**DATA FOR REVIEW:**

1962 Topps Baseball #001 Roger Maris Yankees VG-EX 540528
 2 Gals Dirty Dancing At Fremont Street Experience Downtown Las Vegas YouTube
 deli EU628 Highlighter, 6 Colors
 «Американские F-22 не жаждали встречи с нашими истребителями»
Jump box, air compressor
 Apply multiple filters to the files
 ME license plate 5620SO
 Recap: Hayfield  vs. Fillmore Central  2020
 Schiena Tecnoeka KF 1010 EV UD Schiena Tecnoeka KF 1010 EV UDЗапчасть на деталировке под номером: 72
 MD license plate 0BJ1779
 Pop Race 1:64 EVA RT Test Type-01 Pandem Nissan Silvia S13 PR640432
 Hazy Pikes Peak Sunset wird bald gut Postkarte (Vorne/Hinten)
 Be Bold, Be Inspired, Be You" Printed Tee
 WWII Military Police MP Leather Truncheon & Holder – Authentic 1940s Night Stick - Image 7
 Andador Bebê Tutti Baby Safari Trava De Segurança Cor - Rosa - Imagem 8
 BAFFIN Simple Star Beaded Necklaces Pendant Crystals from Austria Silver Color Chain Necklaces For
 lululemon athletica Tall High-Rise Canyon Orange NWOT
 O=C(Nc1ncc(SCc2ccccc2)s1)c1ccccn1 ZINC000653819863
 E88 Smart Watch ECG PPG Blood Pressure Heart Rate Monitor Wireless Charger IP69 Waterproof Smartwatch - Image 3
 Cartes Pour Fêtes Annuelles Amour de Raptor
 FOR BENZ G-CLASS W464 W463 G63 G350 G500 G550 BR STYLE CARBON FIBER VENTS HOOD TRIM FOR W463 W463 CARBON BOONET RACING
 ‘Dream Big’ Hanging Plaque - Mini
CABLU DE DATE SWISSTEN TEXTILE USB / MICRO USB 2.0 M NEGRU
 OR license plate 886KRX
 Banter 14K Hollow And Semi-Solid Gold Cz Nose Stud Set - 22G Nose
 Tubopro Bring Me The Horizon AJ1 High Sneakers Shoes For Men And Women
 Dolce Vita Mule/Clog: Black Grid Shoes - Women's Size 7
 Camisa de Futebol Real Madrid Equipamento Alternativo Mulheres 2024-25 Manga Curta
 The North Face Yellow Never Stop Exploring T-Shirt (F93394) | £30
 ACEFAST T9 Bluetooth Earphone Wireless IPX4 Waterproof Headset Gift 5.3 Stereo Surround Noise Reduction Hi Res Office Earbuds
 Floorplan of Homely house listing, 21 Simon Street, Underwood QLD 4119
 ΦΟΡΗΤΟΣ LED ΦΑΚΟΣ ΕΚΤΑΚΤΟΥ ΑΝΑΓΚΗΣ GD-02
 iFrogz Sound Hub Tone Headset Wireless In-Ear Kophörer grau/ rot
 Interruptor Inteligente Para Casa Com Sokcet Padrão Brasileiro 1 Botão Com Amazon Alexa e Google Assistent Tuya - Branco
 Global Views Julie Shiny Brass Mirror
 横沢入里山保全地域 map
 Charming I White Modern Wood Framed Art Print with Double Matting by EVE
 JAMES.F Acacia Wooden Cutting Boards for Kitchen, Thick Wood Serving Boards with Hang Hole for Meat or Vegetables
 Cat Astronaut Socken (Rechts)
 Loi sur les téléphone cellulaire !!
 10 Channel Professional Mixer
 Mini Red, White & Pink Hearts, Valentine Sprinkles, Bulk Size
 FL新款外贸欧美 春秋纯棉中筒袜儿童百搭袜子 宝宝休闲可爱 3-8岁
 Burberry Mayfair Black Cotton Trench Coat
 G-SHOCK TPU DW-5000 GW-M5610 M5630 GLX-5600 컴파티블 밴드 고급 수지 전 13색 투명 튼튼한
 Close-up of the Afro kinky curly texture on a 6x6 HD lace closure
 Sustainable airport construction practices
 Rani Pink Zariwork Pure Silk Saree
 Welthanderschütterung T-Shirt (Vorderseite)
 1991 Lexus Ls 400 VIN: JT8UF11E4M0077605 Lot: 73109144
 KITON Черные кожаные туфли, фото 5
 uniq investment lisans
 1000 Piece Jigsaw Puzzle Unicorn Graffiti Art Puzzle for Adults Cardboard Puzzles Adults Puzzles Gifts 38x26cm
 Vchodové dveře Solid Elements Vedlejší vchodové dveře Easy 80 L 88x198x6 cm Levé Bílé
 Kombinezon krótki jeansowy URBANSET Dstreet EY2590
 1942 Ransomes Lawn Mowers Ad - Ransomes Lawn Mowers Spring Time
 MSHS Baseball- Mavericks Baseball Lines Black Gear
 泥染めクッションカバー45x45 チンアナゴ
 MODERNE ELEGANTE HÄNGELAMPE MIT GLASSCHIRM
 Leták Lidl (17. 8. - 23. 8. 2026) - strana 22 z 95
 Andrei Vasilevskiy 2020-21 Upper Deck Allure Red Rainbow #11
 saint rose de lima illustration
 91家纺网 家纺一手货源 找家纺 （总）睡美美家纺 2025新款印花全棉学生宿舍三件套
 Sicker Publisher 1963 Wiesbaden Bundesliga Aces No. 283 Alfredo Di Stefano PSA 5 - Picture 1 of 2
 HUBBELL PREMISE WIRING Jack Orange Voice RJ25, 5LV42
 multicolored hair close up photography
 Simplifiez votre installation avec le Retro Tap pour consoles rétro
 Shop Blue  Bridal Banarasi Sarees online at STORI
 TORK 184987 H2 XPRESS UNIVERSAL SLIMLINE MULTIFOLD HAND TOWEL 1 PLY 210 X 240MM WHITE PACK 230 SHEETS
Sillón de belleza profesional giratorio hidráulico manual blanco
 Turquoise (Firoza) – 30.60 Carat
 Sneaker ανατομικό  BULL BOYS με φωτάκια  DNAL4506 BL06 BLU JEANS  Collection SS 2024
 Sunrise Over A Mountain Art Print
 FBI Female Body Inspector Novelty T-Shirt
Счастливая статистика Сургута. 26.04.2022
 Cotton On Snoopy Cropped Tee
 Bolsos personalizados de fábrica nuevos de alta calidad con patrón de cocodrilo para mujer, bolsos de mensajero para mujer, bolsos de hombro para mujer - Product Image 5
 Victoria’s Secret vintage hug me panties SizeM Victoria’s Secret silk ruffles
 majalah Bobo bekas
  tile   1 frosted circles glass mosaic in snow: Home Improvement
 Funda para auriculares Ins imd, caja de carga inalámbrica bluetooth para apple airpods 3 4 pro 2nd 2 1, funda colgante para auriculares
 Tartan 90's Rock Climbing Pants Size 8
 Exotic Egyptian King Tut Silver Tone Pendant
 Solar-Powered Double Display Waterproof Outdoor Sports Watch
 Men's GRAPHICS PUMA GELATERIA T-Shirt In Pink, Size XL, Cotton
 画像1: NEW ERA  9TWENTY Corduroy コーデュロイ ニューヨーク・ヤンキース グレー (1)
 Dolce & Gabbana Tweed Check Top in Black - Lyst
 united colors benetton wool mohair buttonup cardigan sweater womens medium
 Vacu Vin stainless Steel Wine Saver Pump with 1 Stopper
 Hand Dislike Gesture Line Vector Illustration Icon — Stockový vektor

**PROBLEM DESCRIPTION:** Check each line of the listing above. Copy it if it holds the string "Dolce".

**TASK SOLUTION:**
 Dolce Vita Mule/Clog: Black Grid Shoes - Women's Size 7
 Dolce & Gabbana Tweed Check Top in Black - Lyst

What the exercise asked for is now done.